ABOUT THIS TASK
Produce an exact copy of the lines below, starting at the first and ending with the line containing "Hoka Men's Kaha".

[[ DATA SECTION, beginning ]]

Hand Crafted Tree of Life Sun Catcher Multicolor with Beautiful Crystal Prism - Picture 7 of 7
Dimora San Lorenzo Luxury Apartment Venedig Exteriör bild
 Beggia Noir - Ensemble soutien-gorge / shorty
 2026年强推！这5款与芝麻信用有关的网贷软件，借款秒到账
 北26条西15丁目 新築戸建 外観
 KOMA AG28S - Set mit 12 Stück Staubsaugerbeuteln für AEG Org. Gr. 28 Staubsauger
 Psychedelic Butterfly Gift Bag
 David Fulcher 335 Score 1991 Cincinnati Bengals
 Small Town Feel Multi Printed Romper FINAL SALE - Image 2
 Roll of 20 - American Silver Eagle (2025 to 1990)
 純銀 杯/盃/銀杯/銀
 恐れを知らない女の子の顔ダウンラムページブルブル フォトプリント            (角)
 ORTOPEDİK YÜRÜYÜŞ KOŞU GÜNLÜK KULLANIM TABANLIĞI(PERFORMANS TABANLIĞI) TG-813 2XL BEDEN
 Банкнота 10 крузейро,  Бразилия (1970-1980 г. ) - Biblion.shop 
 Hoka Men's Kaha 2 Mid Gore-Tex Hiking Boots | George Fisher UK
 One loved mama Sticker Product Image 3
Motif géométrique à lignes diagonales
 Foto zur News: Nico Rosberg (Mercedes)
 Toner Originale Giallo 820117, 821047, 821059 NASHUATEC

[[ DATA SECTION, end ]]

TASK SOLUTION
Hand Crafted Tree of Life Sun Catcher Multicolor with Beautiful Crystal Prism - Picture 7 of 7
Dimora San Lorenzo Luxury Apartment Venedig Exteriör bild
 Beggia Noir - Ensemble soutien-gorge / shorty
 2026年强推！这5款与芝麻信用有关的网贷软件，借款秒到账
 北26条西15丁目 新築戸建 外観
 KOMA AG28S - Set mit 12 Stück Staubsaugerbeuteln für AEG Org. Gr. 28 Staubsauger
 Psychedelic Butterfly Gift Bag
 David Fulcher 335 Score 1991 Cincinnati Bengals
 Small Town Feel Multi Printed Romper FINAL SALE - Image 2
 Roll of 20 - American Silver Eagle (2025 to 1990)
 純銀 杯/盃/銀杯/銀
 恐れを知らない女の子の顔ダウンラムページブルブル フォトプリント            (角)
 ORTOPEDİK YÜRÜYÜŞ KOŞU GÜNLÜK KULLANIM TABANLIĞI(PERFORMANS TABANLIĞI) TG-813 2XL BEDEN
 Банкнота 10 крузейро,  Бразилия (1970-1980 г. ) - Biblion.shop 
 Hoka Men's Kaha 2 Mid Gore-Tex Hiking Boots | George Fisher UK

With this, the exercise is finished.